EXERCISE INSTRUCTIONS
Write out the whole listing exactly; no images belong in it.

DATA FOR THE TASK
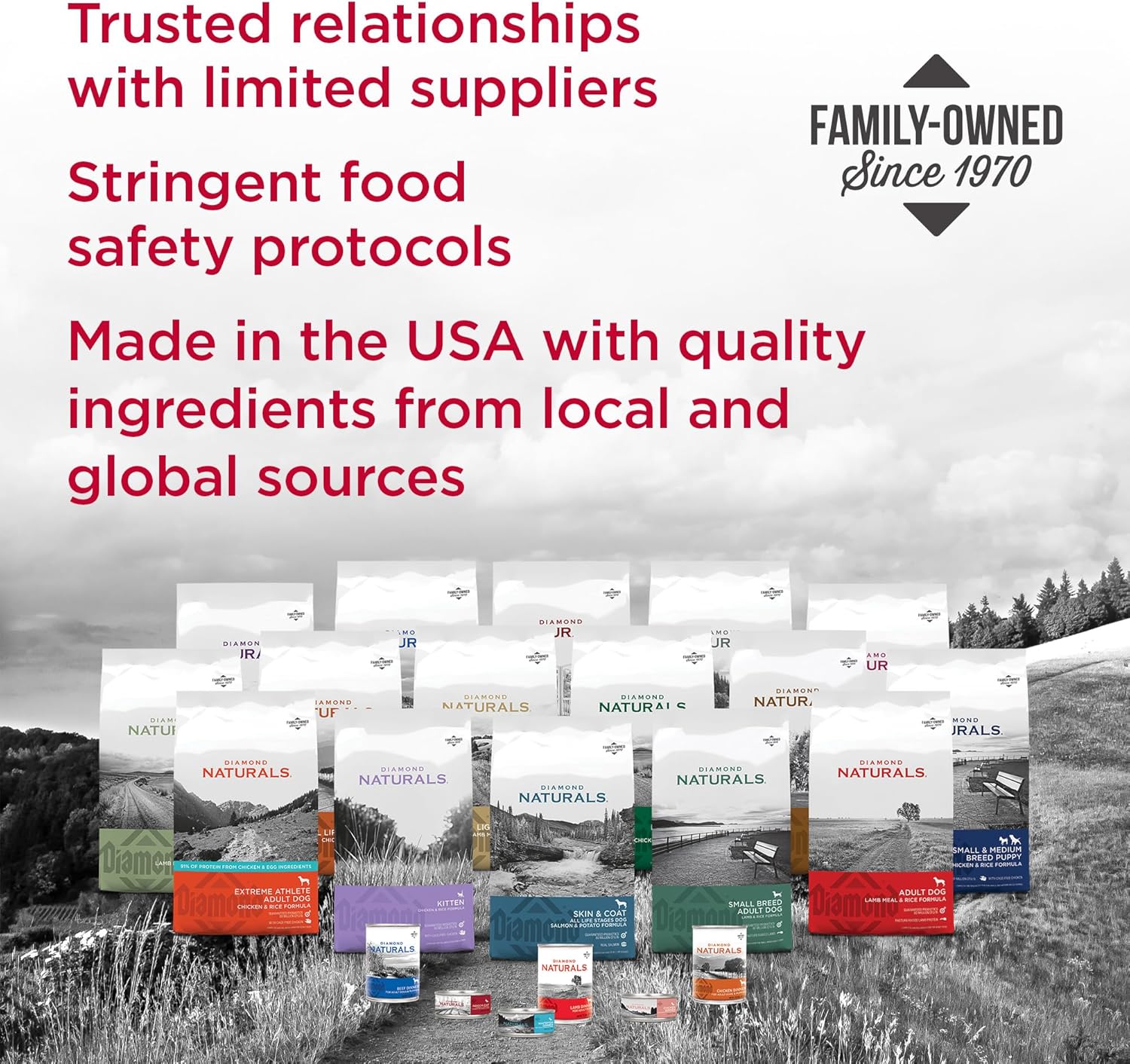 Diamond Naturals Small Breed Lamb and Rice Formula Adult Dry Dog Food with Quality Lean Protein from Real Lamb, Specially for Small Breed Dogs 6lb - Image 6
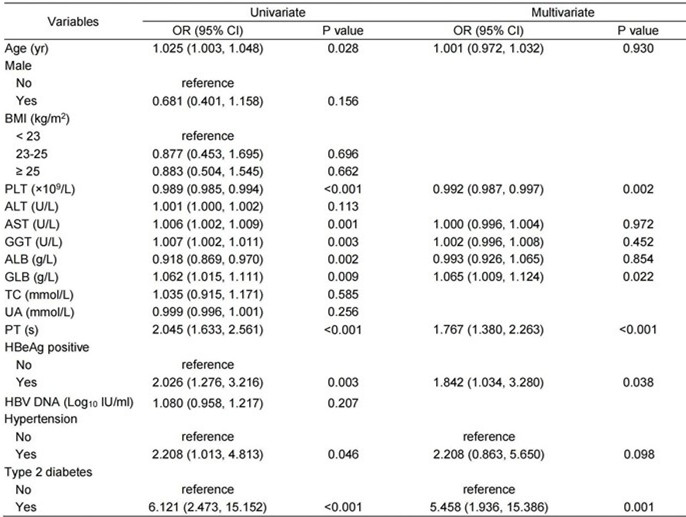 1676018660716981.jpg 表2-A novel non-invasive model for the prediction of advanced liver fibrosis in chronic hepatitis B patients with NAFLD_00.jpg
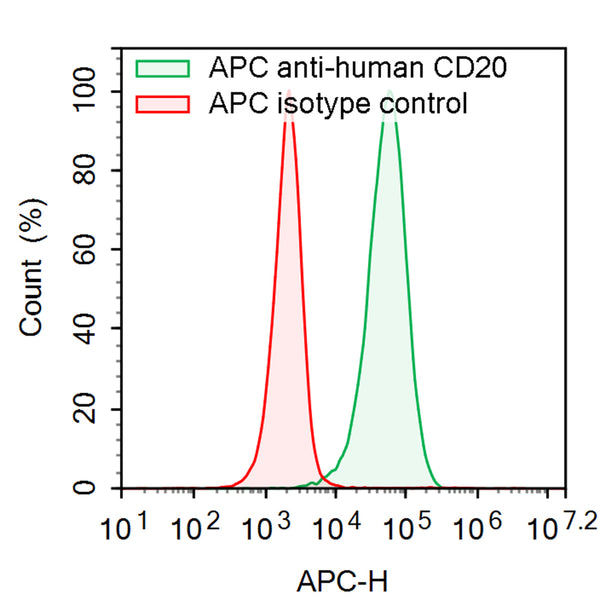 Flow-cytometry using APC anti-Human CD20 antibody. Daudi cells were stained with an irrelevant antibody  (Red Histogram) or an APC anti-Human CD20 antibody monoclonal antibody (Catalog # HY257537 , Green Histogram) at a concentration of 5 µg/ml for 30 mins at RT. After washing, cells analysed on a NovoCyte Flow Cytometer.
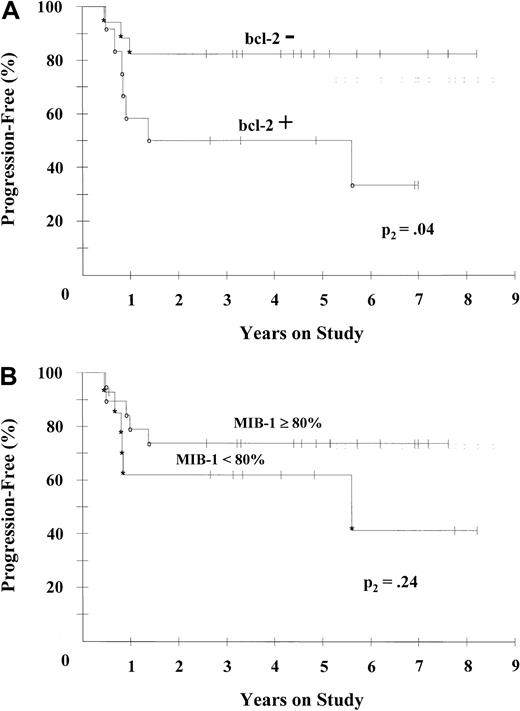 Fig. 2. Analysis of PFS in patients with bcl-2 and tumor proliferation (MIB-1) markers. / (A) PFS rates in 29 patients divided into bcl-2–negative (*) and bcl-2–positive groups (○) were 82% and 50%, respectively, at 62 months (P2 = .036 overall). (B) PFS rates in 33 patients divided into MIB-1 of 80% or greater (○) and less than 80% (*) were 74% and 62%, respectively, at 62 months (P2 = .24 overall).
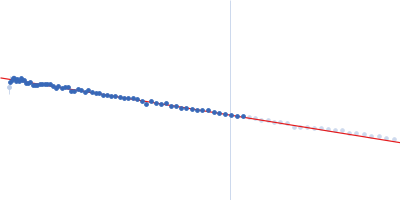 Hypothetical exported protein Guinier plot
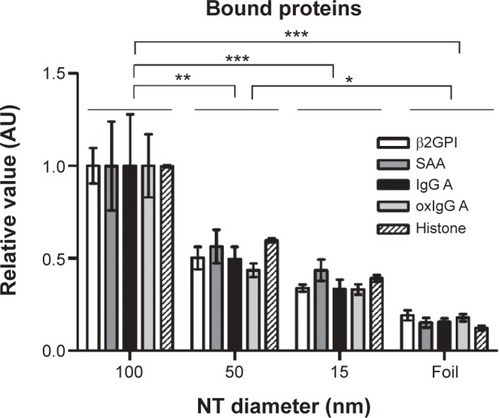 Figure 7 Relative value (normalized to 100 nm NT) of bound protein mass of different plasma proteins and histone IIA.Notes: Three independent experiments for all proteins were performed. The results were analyzed with two-way analysis of variance and Bonferroni posttests, and significance was determined as follows: *P<0.05, **P<0.01, ***P<0.001.Abbreviations: β2GPI, β2-glycoprotein I; NT, nanotube; oxIgG A, oxidized IgG A; SAA, serum amyloid A.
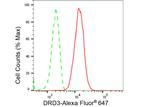DRD3 Antibody in Flow Cytometry (Flow)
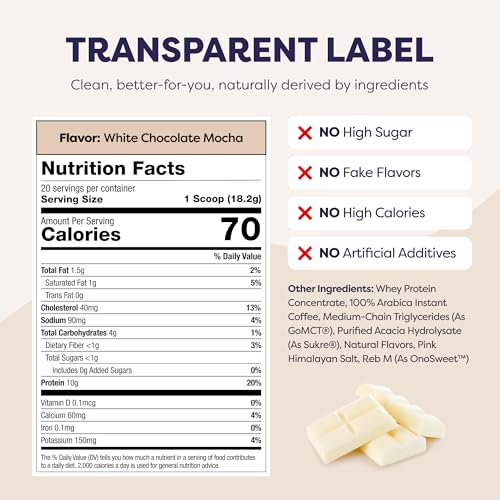 Image of Javvy Protein Iced Coffee - Premium Whey Protein & Iced Coffees, 100% Natural Cold Brew, Zero Artificial Flavors & Sweeteners, 80mg Caffeine, No Added Sugar, 20 Servings, White Choc Mocha Discontinued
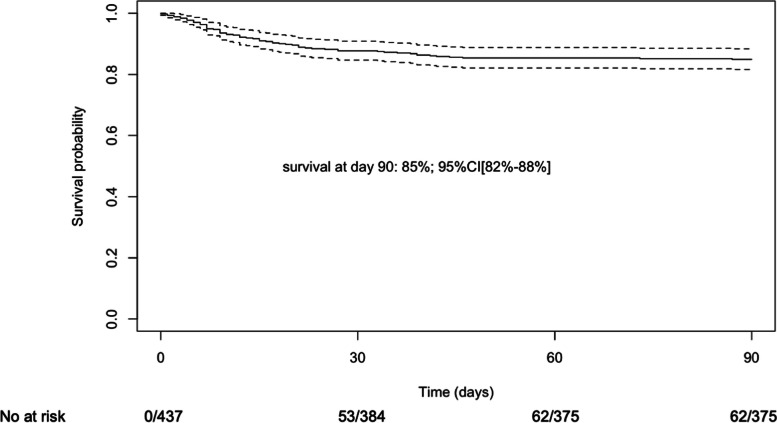 Epidemiology, clinical and biological characteristics, and prognosis of critically ill COVID 19 patients: a single-center experience through 4 successive waves.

OUTPUT
 Diamond Naturals Small Breed Lamb and Rice Formula Adult Dry Dog Food with Quality Lean Protein from Real Lamb, Specially for Small Breed Dogs 6lb - Image 6
 1676018660716981.jpg 表2-A novel non-invasive model for the prediction of advanced liver fibrosis in chronic hepatitis B patients with NAFLD_00.jpg
 Flow-cytometry using APC anti-Human CD20 antibody. Daudi cells were stained with an irrelevant antibody  (Red Histogram) or an APC anti-Human CD20 antibody monoclonal antibody (Catalog # HY257537 , Green Histogram) at a concentration of 5 µg/ml for 30 mins at RT. After washing, cells analysed on a NovoCyte Flow Cytometer.
 Fig. 2. Analysis of PFS in patients with bcl-2 and tumor proliferation (MIB-1) markers. / (A) PFS rates in 29 patients divided into bcl-2–negative (*) and bcl-2–positive groups (○) were 82% and 50%, respectively, at 62 months (P2 = .036 overall). (B) PFS rates in 33 patients divided into MIB-1 of 80% or greater (○) and less than 80% (*) were 74% and 62%, respectively, at 62 months (P2 = .24 overall).
 Hypothetical exported protein Guinier plot
 Figure 7 Relative value (normalized to 100 nm NT) of bound protein mass of different plasma proteins and histone IIA.Notes: Three independent experiments for all proteins were performed. The results were analyzed with two-way analysis of variance and Bonferroni posttests, and significance was determined as follows: *P<0.05, **P<0.01, ***P<0.001.Abbreviations: β2GPI, β2-glycoprotein I; NT, nanotube; oxIgG A, oxidized IgG A; SAA, serum amyloid A.
DRD3 Antibody in Flow Cytometry (Flow)
 Image of Javvy Protein Iced Coffee - Premium Whey Protein & Iced Coffees, 100% Natural Cold Brew, Zero Artificial Flavors & Sweeteners, 80mg Caffeine, No Added Sugar, 20 Servings, White Choc Mocha Discontinued
 Epidemiology, clinical and biological characteristics, and prognosis of critically ill COVID 19 patients: a single-center experience through 4 successive waves.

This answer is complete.